Он нежно погладил мои волосы. Я взяла его руку, сплела свои пальцы с его. Он замер. Потом тихо продолжил:
— Затем еще один наш предок, по имени Порфирий, стал таким же образом вампиром. Мы называем его отцом. С ним это произошло в шестнадцатом веке. Порфирий сейчас живет в Лондоне. В XVIII веке настала очередь Ренаты. Я замыкаю эту цепочку. Как ты понимаешь, все мы кровные родственники, просто из разных поколений.
— Но зачем ты это сделал? — осторожно спросила я. — Тем более сам говоришь, что знал о проклятии.
— Знал, — печально сказал Грег. — Но считал, что все это допотопные сказки. Я ведь родился в 1905 году. Ты наверняка из уроков истории представляешь, что это было за время. Смута, одна революция сменяет другую, полное отрицание чего-либо духовного, выгодное властям, материализм, атеизм, а я молод, полон веры в светлое будущее новой страны. А тут какое-то родовое проклятие, какие-то казавшиеся мне смешными и нелепыми страшилки. В возрасте восемнадцати лет я считал себя умным, талантливым, передовым, или, как сейчас говорят, продвинутым, я писал стихи, моим идеалом был Маяковский, к тому же я был по-юношески горяч и обладал взрывным темпераментом. Полутонов я тогда не признавал и был максималистом во всем.
Грег замолчал и начал нежно, едва касаясь, гладить мой лоб, потом брови и веки. Мои глаза закрылись…

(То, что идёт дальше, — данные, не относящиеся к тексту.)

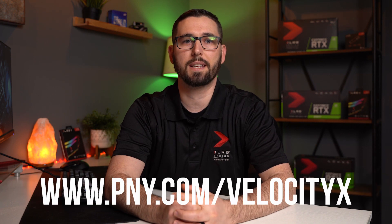We hope this overview of VelocityX overclocking software helps. You can download it for free at PNY.com/VelocityX. We'll also link it down below in the description. You can stay up to date by following Excellary Gaming on social media. As always, if you have any questions, please let us know down below in the comments. Until then, we'll catch you in the next video.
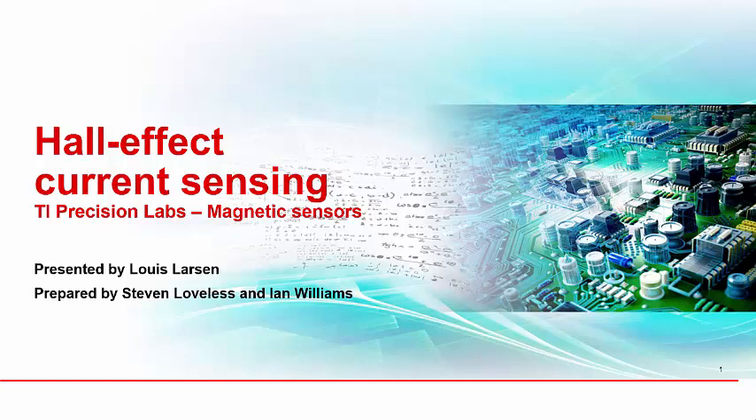Hello, and welcome to the TI Precision Lab series on magnetic sensors. My name is Lewis Larson, and I'm the Applications Manager for Current Sensing Products. In this video, we will discuss Hall effect current sensors, including how they work, the benefits they bring to current sensing applications, and key application challenges such as isolation, magnetic interference, and thermally limited current capability.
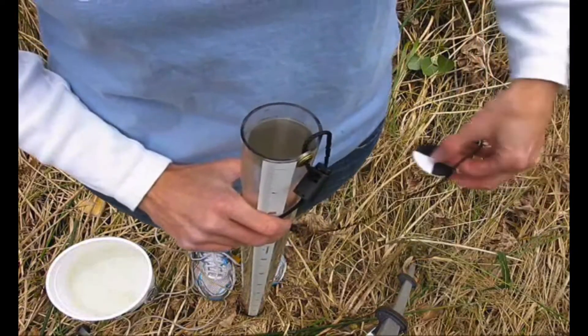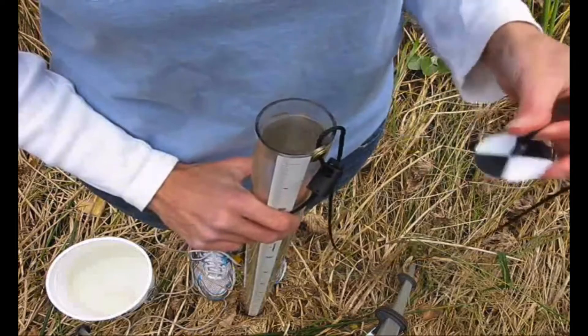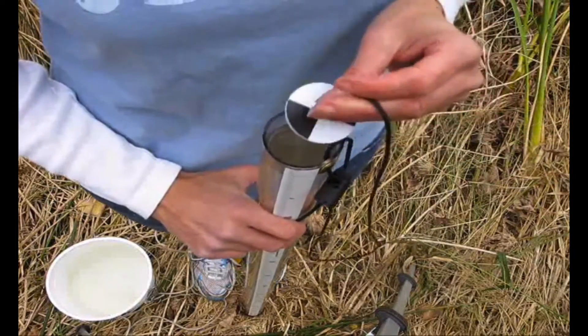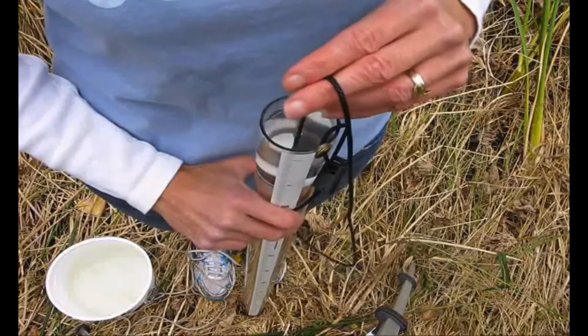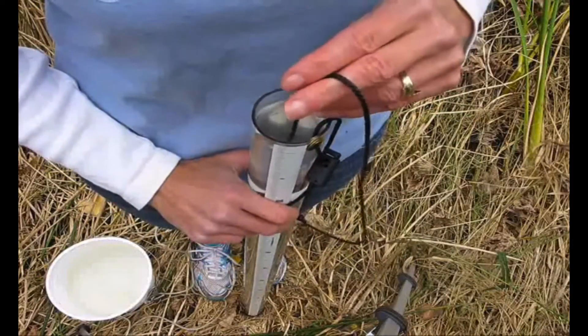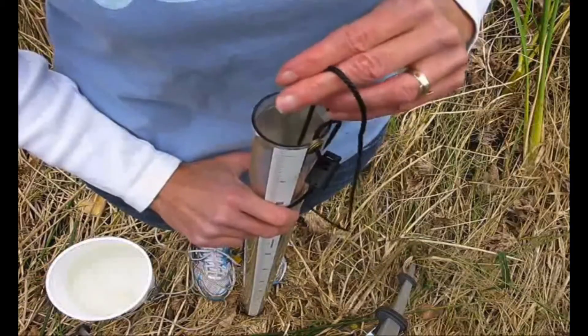Once your tube is filled with your water sample, take the disc and lower it from the top into the tube. While looking down into the tube, lower it until the disc disappears.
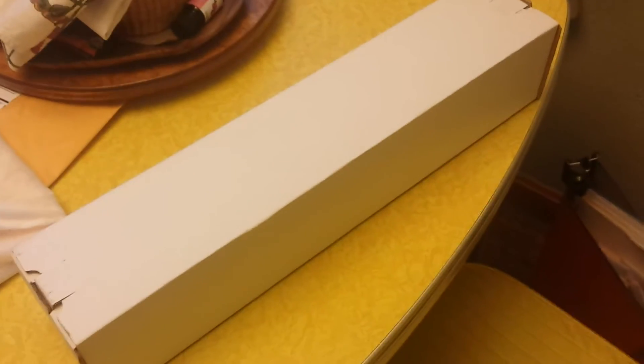Hi guys, I got a new toy. This is a LED light, which I'm hoping will work for some of my plants over winter.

…Я оказалась на какой-то узкой улице. Воздух был влажным, мягкий закатный свет становился все синее и постепенно переходил в фиолетовые сумерки. Я медленно шла по улице вслед за парочкой. И я знала, что это Грег и Зиночка. Они громко спорили о чем-то, при этом Зина размахивала веточками вербы, покрытыми распускающимися пушистыми почками. В руке у Грега также был пучок вербы. Я максимально к ним приблизилась.
— Бабка мне наказала веток нарвать! А вот зачем? — смеясь, говорила Зина. — Отсталый она элемент и все твердит про Вербное воскресенье, все пытается мне рассказать библейские сказки.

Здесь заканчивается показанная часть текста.